Tag Archives: the moonwalkers

The American Dream

Drawing from a few years back

When my younger son was in high school he wrote an essay entitled, The American Dream is Dead.

This was before Trump. However, it was already evident that he and his brother might not be able to afford a home without substantial help from us. It was also clear that a college degree might not be the ticket it once was. Not only that, but the climate crisis was accelerating with no apparent political will to do with anything about it.

The American dream was always conditioned on white privilege, on inherited wealth, on the color of one’s skin, on where one was born — I’m saying the same thing over and over again, aren’t I?

Still, I think we can agree that we used to live in a country with a thriving middle class where at least some offspring could reasonably expect to do better than their parents economically, could rationally anticipate that they might live longer than their parents, and could expect without resorting to fantasy that they would have a healthy environment to pass on to their kids.

I grew up in the white suburbs in the 60’s and 70’s — a member of the Jones generation (tail-end Boomer with a lot in common with Gen X). Both of my parents were first generation college-goers. Both of them, through hard work and decent educations (and white privilege) surpassed their parents by almost any measure you can devise (except longevity — a story for another time). That I would go to college was baked in. My degree in English (with a focus on medieval literature, of all practical things) garnered me a professional job in radio. That’s what we expected. That’s what we got.

Now? My boys were alive on 9/11. They watched us worry our way through the financial meltdown of 2008. They saw how we had to remortgage the house to afford college. More recently, they’ve experienced (up close) wildfires and drought. Even though my older son makes more money than I did as a first year associate at a swanky downtown law firm in the 90’s, he can’t afford to buy a home. The other son is finishing up his degree in communications and worries how many vocational avenues will be foreclosed by AI.

All of this to say, The Moonwalkers, movingly loud, visually gorgeous, and packed with information was hair-raising and inspiring and made me deeply sad.

I was riven with a painful nostalgia watching a country celebrate the moon landing.

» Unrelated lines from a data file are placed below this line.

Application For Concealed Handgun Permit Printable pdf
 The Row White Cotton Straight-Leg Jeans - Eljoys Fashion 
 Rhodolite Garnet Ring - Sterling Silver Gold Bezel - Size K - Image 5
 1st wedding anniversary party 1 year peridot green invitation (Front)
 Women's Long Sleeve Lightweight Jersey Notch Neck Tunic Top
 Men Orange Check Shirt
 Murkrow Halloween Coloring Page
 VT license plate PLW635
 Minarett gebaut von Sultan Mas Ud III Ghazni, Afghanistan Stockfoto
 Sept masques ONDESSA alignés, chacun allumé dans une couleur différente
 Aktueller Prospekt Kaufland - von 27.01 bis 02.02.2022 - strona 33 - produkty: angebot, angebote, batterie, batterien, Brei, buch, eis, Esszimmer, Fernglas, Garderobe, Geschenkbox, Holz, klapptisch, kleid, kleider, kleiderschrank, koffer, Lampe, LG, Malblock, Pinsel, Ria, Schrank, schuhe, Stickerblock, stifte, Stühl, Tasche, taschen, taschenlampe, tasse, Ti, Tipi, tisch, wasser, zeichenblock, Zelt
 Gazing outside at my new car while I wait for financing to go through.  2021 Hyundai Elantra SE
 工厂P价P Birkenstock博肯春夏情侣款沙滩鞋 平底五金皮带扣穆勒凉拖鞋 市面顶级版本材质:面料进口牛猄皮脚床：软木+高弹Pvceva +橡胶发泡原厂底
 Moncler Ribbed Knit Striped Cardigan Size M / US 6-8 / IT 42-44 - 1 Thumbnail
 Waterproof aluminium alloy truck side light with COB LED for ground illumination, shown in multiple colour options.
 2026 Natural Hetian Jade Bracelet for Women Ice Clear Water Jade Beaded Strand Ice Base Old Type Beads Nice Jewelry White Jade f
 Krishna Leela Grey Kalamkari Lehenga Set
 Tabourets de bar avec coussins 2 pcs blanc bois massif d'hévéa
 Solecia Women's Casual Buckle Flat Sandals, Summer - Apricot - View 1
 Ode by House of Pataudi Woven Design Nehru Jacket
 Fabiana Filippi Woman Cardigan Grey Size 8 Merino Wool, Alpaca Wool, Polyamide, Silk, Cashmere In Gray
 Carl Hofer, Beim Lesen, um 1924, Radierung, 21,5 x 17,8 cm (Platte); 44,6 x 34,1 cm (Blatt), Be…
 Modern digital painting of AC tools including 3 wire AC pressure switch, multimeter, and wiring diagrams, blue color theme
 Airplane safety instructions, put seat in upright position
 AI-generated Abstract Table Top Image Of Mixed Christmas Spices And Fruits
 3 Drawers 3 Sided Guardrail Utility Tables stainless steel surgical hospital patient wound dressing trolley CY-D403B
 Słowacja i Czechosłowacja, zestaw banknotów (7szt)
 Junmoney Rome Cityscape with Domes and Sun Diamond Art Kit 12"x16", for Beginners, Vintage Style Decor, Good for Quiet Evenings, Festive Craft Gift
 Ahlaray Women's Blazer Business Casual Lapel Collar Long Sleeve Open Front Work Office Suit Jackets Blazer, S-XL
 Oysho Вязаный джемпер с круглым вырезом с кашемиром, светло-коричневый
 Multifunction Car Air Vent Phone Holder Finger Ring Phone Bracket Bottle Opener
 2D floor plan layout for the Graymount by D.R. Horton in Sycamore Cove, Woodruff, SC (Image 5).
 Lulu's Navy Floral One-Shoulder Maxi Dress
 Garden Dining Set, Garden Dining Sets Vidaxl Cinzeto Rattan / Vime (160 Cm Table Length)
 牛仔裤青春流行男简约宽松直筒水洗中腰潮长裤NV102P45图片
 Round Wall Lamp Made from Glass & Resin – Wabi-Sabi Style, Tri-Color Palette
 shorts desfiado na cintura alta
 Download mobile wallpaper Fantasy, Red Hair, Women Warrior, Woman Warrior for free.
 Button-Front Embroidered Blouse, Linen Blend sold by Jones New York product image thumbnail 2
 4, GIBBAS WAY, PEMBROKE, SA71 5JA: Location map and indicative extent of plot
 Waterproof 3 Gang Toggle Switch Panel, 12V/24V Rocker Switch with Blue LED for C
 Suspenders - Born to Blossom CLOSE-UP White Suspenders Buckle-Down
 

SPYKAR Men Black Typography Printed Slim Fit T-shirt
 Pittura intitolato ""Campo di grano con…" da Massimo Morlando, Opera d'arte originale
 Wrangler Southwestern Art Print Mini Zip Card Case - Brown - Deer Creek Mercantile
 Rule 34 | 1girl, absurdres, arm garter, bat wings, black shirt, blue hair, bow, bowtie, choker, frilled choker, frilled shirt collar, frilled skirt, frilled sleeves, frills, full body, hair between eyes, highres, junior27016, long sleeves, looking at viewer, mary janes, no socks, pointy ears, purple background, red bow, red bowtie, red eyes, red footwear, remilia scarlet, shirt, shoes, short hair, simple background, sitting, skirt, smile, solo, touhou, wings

I teared up thinking of all the expertise that came together to make such a seemingly impossible feat possible. You couldn’t help but wonder if such a mission would be feasible today. With the GOP’s wanton expulsion of expertise in every scientific field, I’m doubtful. In fact, I’m not sure we can still accurately forecast the weather, for Christ’s sake.

At one point my husband pointed to the glowing exit sign on one of the surround-screens and quipped, “That’s how you know it was fake.” A perfect joke.

Let’s end on an upbeat note, shall we?

It turns out that Tom Hanks, a year older than us, was a real space aficionado as a kid. His recollections added a personal dimension to our shared history — like the time he tried to simulate being in space by grabbing a couple of bricks, arranging the garden hose so he could breathe through it, and sinking to the bottom of their 3-foot above-ground pool. He recounted his devoted position in front of the TV again and again. We could relate.

So much to remember! Those clunky-looking TV’s. How viewing was a shared experience. The trust we had in Walter Cronkite and John F. Kennedy, voices so familiar to those of us of a certain age.

We plan to rewatch Apollo 13 sometime soon.